# Crazy News On James White



## (-) 0 † § I-I () † (Jun 11, 2002)

ESPN.com: NCB - Florida sophomore White quits team, plans to transfer ESPN.com: NCB - Florida sophomore White quits team, plans to transfer  

Where will he go? Kentucky? MAybe........... Rutgers? Doubtfully.........Duke? I hope not

J Young could you give us some info.


----------



## ATLien (Jun 18, 2002)

I clicked on that link and it said they suspended him 2 games for having a paint ball gun. WTF!! :upset: That sounds pretty stupid to me. I hope he leaves the SEC because he will be a handful sooner or later, he was only a freshman last year but if he can put all his talent together. He can be a difference maker for whatever team he transfers to.


----------



## (-) 0 † § I-I () † (Jun 11, 2002)

*yeaq*

The paintball gun situation is a bit odd................ 

As for him leaving the SEC, it all depends on how he feels. I am sure he might want to get back at Florida so signing with a SEC team doesn't seem doubtful......

He seems a lot like Miles. Very raw right now but could be great in the future.


----------



## kansasalumn (Jun 9, 2002)

*Re: yeaq*



> Originally posted by <b>(-) 0 † § I-I () †</b>!
> 
> 
> He seems a lot like Miles. Very raw right now but could be great in the future.

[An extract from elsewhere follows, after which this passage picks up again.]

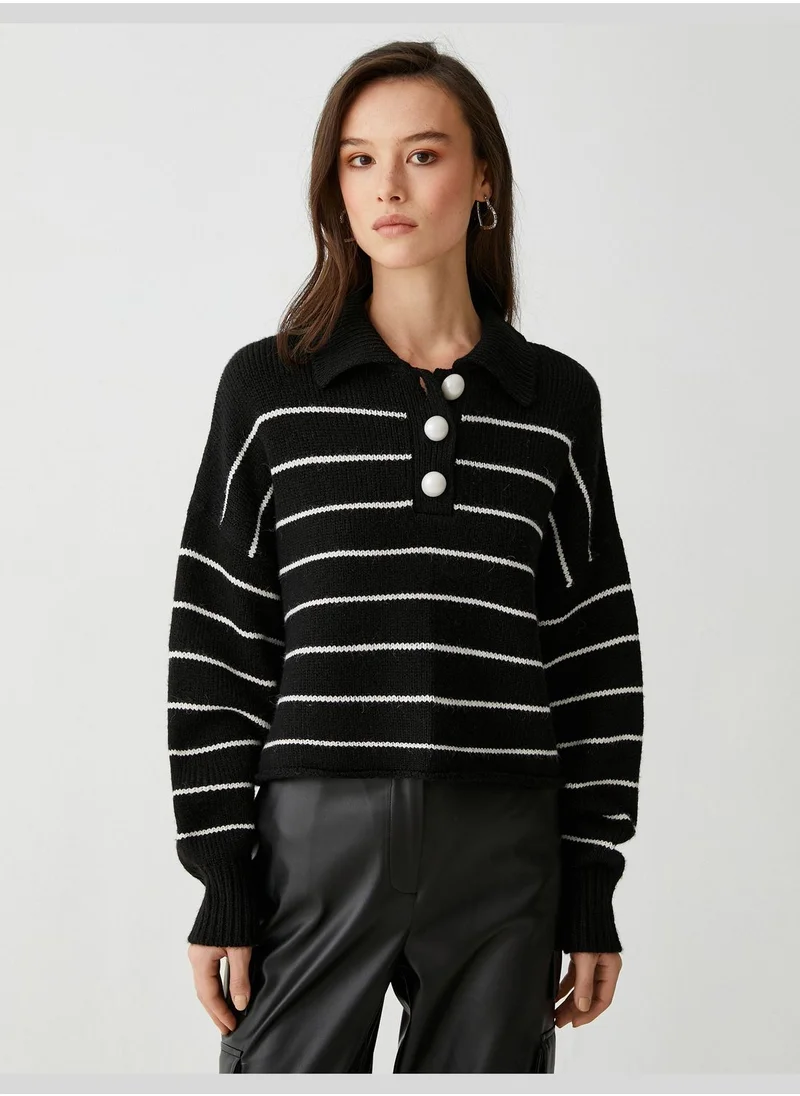 KOTON Polo Neck Top Button Oversized Sweater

Talking about Aaron Miles of Kansas? Just courious. You right, Miles is a raw talent. I think he will improve this season.


----------



## The Truth (Jul 22, 2002)

*Re: Re: yeaq*



> Originally posted by <b>kansasalumn</b>!
> 
> 
> Talking about Aaron Miles of Kansas? Just courious. You right, Miles is a raw talent. I think he will improve this season.


Use some common sense big guy. Why would James White remind someone of Aaron Miles??? No, sorry, the world doesn't revolve around Kansas basketball. There is another basketball player by the name of Miles...Darius Miles. Have you heard of him?


----------



## pharcyde (Jun 22, 2002)

*Re: Re: Re: yeaq*



> Originally posted by <b>The Truth</b>!
> 
> 
> Use some common sense big guy. Why would James White remind someone of Aaron Miles??? No, sorry, the world doesn't revolve around Kansas basketball. There is another basketball player by the name of Miles...Darius Miles. Have you heard of him?

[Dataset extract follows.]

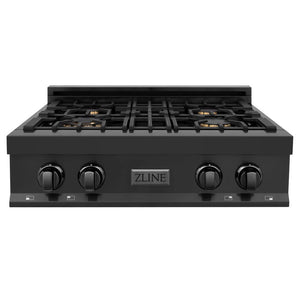 ZLINE - 30 in. Legacy Gas Rangetop with 4 Brass Burners and Porcelain Cooktop in Black Stainless Steel (RTB-BR-30)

LOL! Typical beakers, thinking everything is about them, butting in on every discussion, trying to get people to talk about them 

Just kidding, of course. One thing this James White thing means though is that he most likely won't be in next year's draft. Transfering would require him to sit out a year, and after just his freshman year and then sitting for a year he won't go nearly as high as he would if he played this year at Florida, or if he sits a year then plays somewhere else.


----------



## kansasalumn (Jun 9, 2002)

*Re: Re: Re: yeaq*



> Originally posted by <b>The Truth</b>!
> 
> 
> Use some common sense big guy. Why would James White remind someone of Aaron Miles??? No, sorry, the world doesn't revolve around Kansas basketball. There is another basketball player by the name of Miles...Darius Miles. Have you heard of him?

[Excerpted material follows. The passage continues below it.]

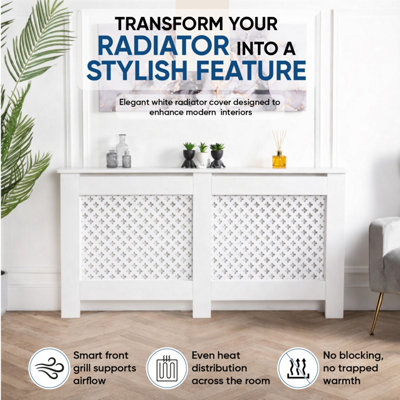 Wooden Radiator Cover White Criss Cross Design Large 82 cm x 152 cm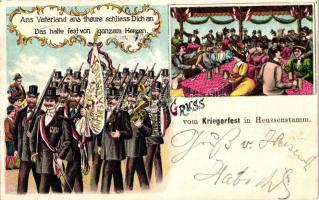 1905 Heusenstamm, Heussenstamm; Gruss von Kriegerfest / patriotic festival, litho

I had a brain fart. Yes I herard Darius Miles.


----------



## JoeF (Jul 16, 2002)

*Re: Re: Re: Re: yeaq*



> Originally posted by <b>moTIGS</b>!
> One thing this James White thing means though is that he most likely won't be in next year's draft. Transfering would require him to sit out a year, and after just his freshman year and then sitting for a year he won't go nearly as high as he would if he played this year at Florida, or if he sits a year then plays somewhere else.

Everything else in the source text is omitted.